Dataset section.
Segment Open

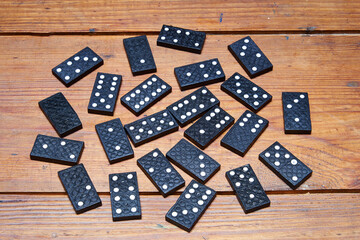 Black dominos on grungy wooden table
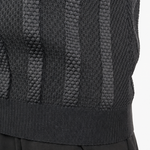 Close-up of a person wearing a dark charcoal gray knit sweater vest with vertical textured stripes and black trousers, against a plain white background.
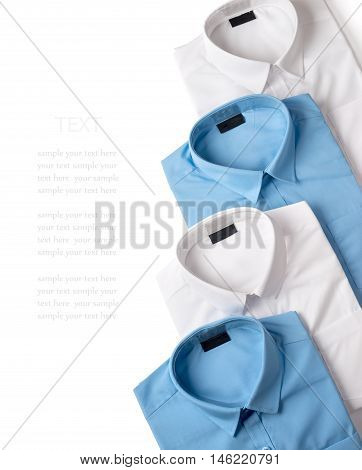 A row of white and blue male shirts isolated on white background closeup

Segment Closed

The task.
All of the data above must be printed exactly, minus its pictures.

Result of this exercise.
 Black dominos on grungy wooden table
 Close-up of a person wearing a dark charcoal gray knit sweater vest with vertical textured stripes and black trousers, against a plain white background.
 A row of white and blue male shirts isolated on white background closeup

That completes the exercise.